An explanation of why it could be read-only per your platform and compiler:
Commonly string literals will be put in "read-only-data" section which gets mapped into the process space as read-only (which is why you seem to not being allowed to change it).
But some platforms do allow, the data segment to be writable.
Why are only string literals allowed to be created and not other constants like float? and the third question.
To create a float constant you should use:
const float f=1.5f;
Now, when you are doing:
float *p="3.14";
you are basically assigning the string literal's address to a float pointer.
Try compiling with -Wall -Werror -Wextra. You will find out what is happening.
It works because, in practice, there's no difference between a char * and a float * under the hood.

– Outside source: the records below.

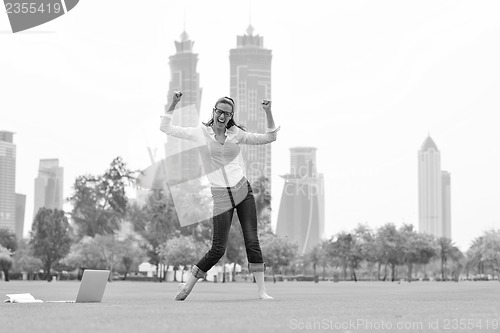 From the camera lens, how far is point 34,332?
6.45 m

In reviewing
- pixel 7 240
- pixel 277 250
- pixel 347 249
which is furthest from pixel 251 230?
pixel 7 240

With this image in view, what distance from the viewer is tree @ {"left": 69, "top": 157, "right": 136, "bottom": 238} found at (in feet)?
275

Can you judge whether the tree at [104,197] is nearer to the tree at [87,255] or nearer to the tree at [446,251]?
the tree at [87,255]

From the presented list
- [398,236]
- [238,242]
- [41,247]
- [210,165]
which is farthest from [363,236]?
[210,165]

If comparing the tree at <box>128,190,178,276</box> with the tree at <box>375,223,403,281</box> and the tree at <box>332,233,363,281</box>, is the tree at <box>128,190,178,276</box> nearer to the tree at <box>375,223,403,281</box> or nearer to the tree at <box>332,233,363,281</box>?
the tree at <box>332,233,363,281</box>

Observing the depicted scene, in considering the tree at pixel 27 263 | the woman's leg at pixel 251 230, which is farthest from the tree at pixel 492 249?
the woman's leg at pixel 251 230

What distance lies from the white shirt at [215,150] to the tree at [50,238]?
87.3m

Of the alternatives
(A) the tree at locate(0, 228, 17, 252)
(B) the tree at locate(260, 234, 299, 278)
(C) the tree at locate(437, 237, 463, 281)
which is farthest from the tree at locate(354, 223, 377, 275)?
(A) the tree at locate(0, 228, 17, 252)

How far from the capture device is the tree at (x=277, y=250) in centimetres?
10062

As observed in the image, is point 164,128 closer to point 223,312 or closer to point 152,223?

Its as if you are writing this:
float *p=(float*) "3.14";
This is a well-defined behaviour, unless the memory alignment requirements of float and char differ, in which case it results in undefined behaviour (Reference: C99, 6.3.2.3 p7).
Efficiency
they are
It's a string mind the quotes
float *p="3.14";
This is also a string literal !
Why are string literals created in First Case read-only?
No, both "sack" and "3.14" are string literals and both are read-only.
Why are only string literals allowed to be created and not other constants like float?
If you want to create a float const then do:
const float p=3.14;
Why is Second Case not giving me compiler errors?
You are making the pointer p point to a string literal. When you dereference p, it expects to read a float value. So there's nothing wrong as far as the compiler can see.